> _AIM OF THE TASK_:
This task requires every entry to be set down again exactly.

Top of RECORDS FOR THIS TASK

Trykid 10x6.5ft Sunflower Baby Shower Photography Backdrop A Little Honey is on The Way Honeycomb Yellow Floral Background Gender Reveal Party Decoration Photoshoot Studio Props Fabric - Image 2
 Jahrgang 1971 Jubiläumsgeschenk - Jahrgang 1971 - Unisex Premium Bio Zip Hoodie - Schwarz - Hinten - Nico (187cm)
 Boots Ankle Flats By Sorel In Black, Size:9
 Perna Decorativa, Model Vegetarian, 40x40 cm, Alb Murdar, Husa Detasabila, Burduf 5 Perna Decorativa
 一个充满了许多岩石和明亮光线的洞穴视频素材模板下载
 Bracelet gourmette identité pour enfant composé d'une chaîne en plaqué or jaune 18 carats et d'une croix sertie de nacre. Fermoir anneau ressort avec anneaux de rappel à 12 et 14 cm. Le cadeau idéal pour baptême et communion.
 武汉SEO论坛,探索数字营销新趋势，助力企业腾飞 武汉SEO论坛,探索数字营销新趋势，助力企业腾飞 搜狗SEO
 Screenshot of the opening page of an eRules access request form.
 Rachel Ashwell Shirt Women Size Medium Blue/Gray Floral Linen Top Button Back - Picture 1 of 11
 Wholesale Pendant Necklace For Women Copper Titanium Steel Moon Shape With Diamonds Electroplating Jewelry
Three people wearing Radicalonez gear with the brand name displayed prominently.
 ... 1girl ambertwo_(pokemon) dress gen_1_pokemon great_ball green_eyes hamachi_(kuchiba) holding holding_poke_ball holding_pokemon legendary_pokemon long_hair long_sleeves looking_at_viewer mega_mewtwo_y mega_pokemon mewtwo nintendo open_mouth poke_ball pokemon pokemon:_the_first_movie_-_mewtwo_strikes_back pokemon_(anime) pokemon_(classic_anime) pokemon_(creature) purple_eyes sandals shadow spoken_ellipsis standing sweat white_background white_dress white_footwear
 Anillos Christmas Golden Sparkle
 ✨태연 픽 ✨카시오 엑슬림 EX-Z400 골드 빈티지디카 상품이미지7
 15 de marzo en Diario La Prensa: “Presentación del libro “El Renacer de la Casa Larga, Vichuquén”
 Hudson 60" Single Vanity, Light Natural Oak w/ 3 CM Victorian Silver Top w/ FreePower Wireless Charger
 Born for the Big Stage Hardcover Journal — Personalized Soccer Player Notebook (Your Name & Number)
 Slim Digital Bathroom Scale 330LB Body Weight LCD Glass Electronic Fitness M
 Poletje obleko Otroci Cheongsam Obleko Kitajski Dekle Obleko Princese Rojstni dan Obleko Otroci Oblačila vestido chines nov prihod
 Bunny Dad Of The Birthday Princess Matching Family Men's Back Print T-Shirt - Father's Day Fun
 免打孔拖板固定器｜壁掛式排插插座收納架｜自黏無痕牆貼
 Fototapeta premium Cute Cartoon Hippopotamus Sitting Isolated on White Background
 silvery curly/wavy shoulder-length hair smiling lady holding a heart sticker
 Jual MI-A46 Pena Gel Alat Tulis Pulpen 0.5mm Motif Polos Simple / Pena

Bottom of RECORDS FOR THIS TASK

> _RESULT OF THIS TASK_:
Trykid 10x6.5ft Sunflower Baby Shower Photography Backdrop A Little Honey is on The Way Honeycomb Yellow Floral Background Gender Reveal Party Decoration Photoshoot Studio Props Fabric - Image 2
 Jahrgang 1971 Jubiläumsgeschenk - Jahrgang 1971 - Unisex Premium Bio Zip Hoodie - Schwarz - Hinten - Nico (187cm)
 Boots Ankle Flats By Sorel In Black, Size:9
 Perna Decorativa, Model Vegetarian, 40x40 cm, Alb Murdar, Husa Detasabila, Burduf 5 Perna Decorativa
 一个充满了许多岩石和明亮光线的洞穴视频素材模板下载
 Bracelet gourmette identité pour enfant composé d'une chaîne en plaqué or jaune 18 carats et d'une croix sertie de nacre. Fermoir anneau ressort avec anneaux de rappel à 12 et 14 cm. Le cadeau idéal pour baptême et communion.
 武汉SEO论坛,探索数字营销新趋势，助力企业腾飞 武汉SEO论坛,探索数字营销新趋势，助力企业腾飞 搜狗SEO
 Screenshot of the opening page of an eRules access request form.
 Rachel Ashwell Shirt Women Size Medium Blue/Gray Floral Linen Top Button Back - Picture 1 of 11
 Wholesale Pendant Necklace For Women Copper Titanium Steel Moon Shape With Diamonds Electroplating Jewelry
Three people wearing Radicalonez gear with the brand name displayed prominently.
 ... 1girl ambertwo_(pokemon) dress gen_1_pokemon great_ball green_eyes hamachi_(kuchiba) holding holding_poke_ball holding_pokemon legendary_pokemon long_hair long_sleeves looking_at_viewer mega_mewtwo_y mega_pokemon mewtwo nintendo open_mouth poke_ball pokemon pokemon:_the_first_movie_-_mewtwo_strikes_back pokemon_(anime) pokemon_(classic_anime) pokemon_(creature) purple_eyes sandals shadow spoken_ellipsis standing sweat white_background white_dress white_footwear
 Anillos Christmas Golden Sparkle
 ✨태연 픽 ✨카시오 엑슬림 EX-Z400 골드 빈티지디카 상품이미지7
 15 de marzo en Diario La Prensa: “Presentación del libro “El Renacer de la Casa Larga, Vichuquén”
 Hudson 60" Single Vanity, Light Natural Oak w/ 3 CM Victorian Silver Top w/ FreePower Wireless Charger
 Born for the Big Stage Hardcover Journal — Personalized Soccer Player Notebook (Your Name & Number)
 Slim Digital Bathroom Scale 330LB Body Weight LCD Glass Electronic Fitness M
 Poletje obleko Otroci Cheongsam Obleko Kitajski Dekle Obleko Princese Rojstni dan Obleko Otroci Oblačila vestido chines nov prihod
 Bunny Dad Of The Birthday Princess Matching Family Men's Back Print T-Shirt - Father's Day Fun
 免打孔拖板固定器｜壁掛式排插插座收納架｜自黏無痕牆貼
 Fototapeta premium Cute Cartoon Hippopotamus Sitting Isolated on White Background
 silvery curly/wavy shoulder-length hair smiling lady holding a heart sticker
 Jual MI-A46 Pena Gel Alat Tulis Pulpen 0.5mm Motif Polos Simple / Pena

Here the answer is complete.